Aim of the task >>
Reproduce, character for character, the lines below from the first through the one with "Ebru Yaşar &". Leave pictures out.

Recorded data >>
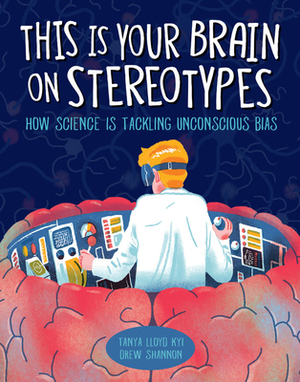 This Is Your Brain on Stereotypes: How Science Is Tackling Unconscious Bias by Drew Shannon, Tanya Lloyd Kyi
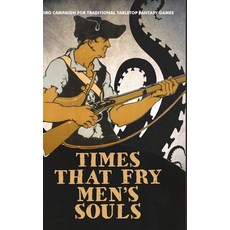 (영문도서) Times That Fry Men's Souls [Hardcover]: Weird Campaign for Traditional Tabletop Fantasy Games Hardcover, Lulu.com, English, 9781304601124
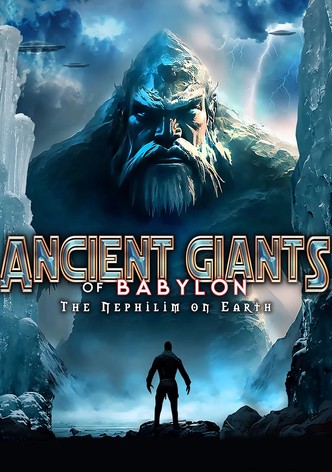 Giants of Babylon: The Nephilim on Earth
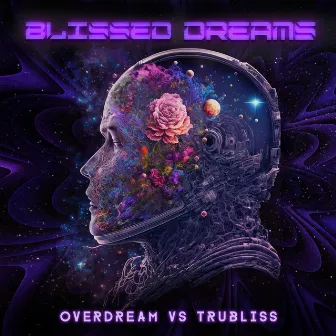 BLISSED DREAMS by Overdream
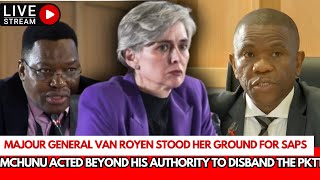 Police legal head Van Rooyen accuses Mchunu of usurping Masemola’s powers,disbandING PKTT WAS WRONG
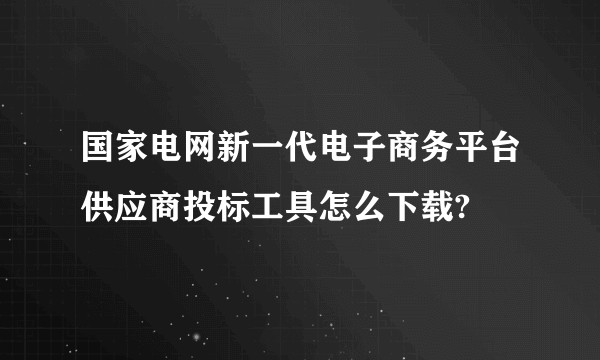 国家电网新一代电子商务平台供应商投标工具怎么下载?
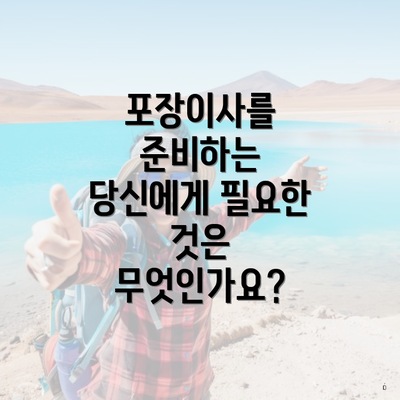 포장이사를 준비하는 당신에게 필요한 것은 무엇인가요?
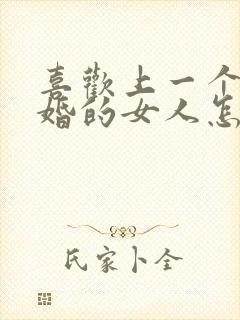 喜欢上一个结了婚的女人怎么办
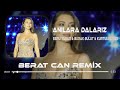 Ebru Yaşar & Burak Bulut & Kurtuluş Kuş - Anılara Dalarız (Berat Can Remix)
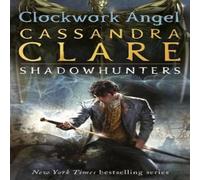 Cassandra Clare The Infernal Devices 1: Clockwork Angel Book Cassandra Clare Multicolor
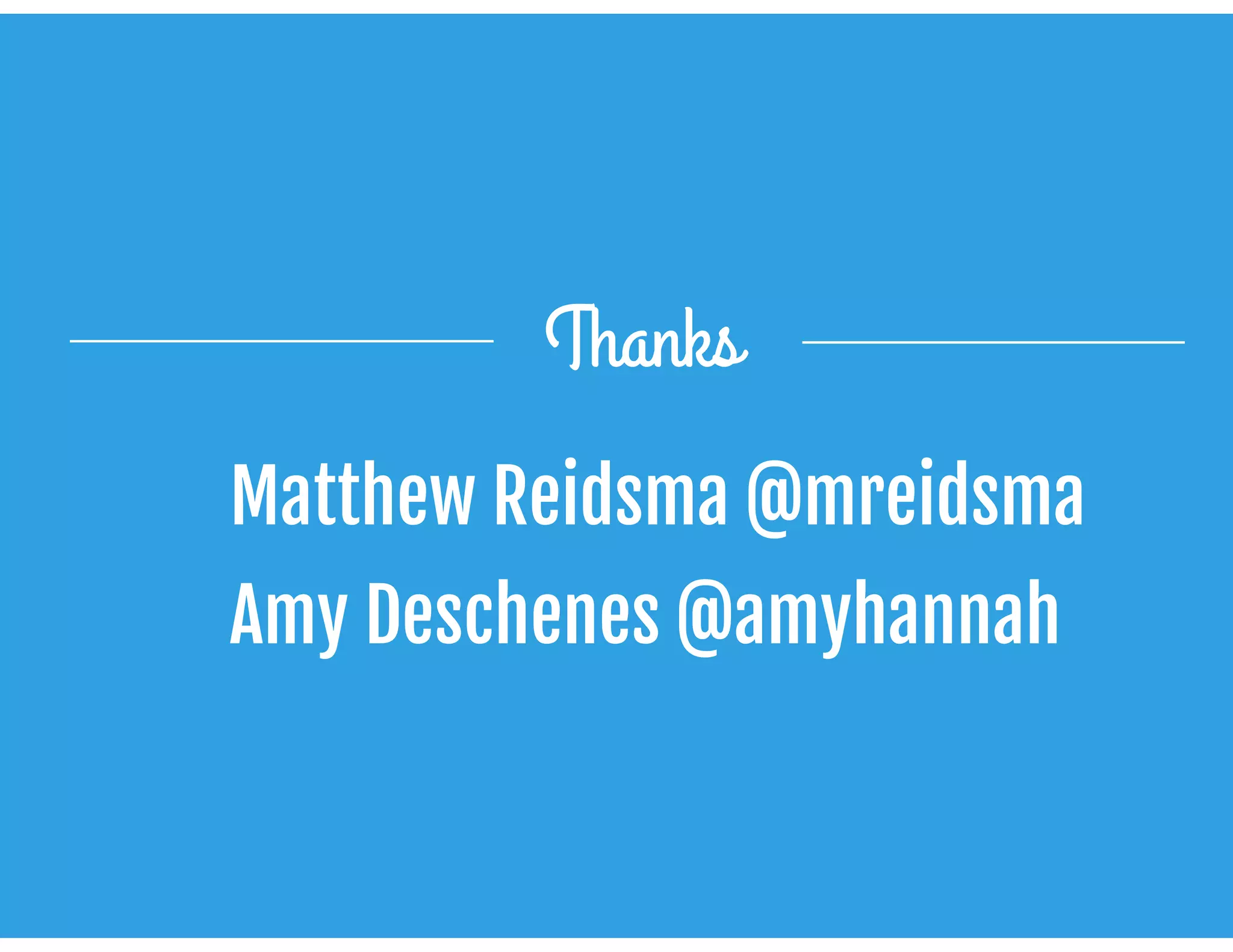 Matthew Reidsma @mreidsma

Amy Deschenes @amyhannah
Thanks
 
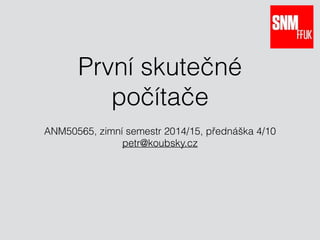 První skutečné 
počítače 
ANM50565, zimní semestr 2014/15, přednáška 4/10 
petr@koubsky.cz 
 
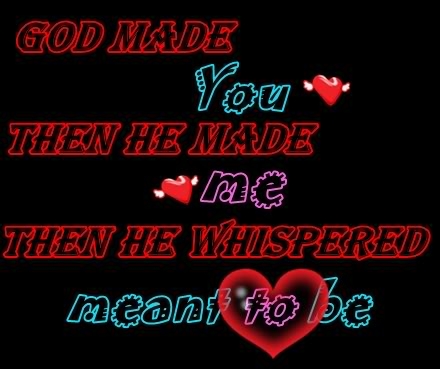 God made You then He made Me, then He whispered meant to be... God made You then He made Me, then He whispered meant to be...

Written reply >>
 This Is Your Brain on Stereotypes: How Science Is Tackling Unconscious Bias by Drew Shannon, Tanya Lloyd Kyi
 (영문도서) Times That Fry Men's Souls [Hardcover]: Weird Campaign for Traditional Tabletop Fantasy Games Hardcover, Lulu.com, English, 9781304601124
 Giants of Babylon: The Nephilim on Earth
 BLISSED DREAMS by Overdream
 Police legal head Van Rooyen accuses Mchunu of usurping Masemola’s powers,disbandING PKTT WAS WRONG
 国家电网新一代电子商务平台供应商投标工具怎么下载?
 포장이사를 준비하는 당신에게 필요한 것은 무엇인가요?
 喜欢上一个结了婚的女人怎么办
 Ebru Yaşar & Burak Bulut & Kurtuluş Kuş - Anılara Dalarız (Berat Can Remix)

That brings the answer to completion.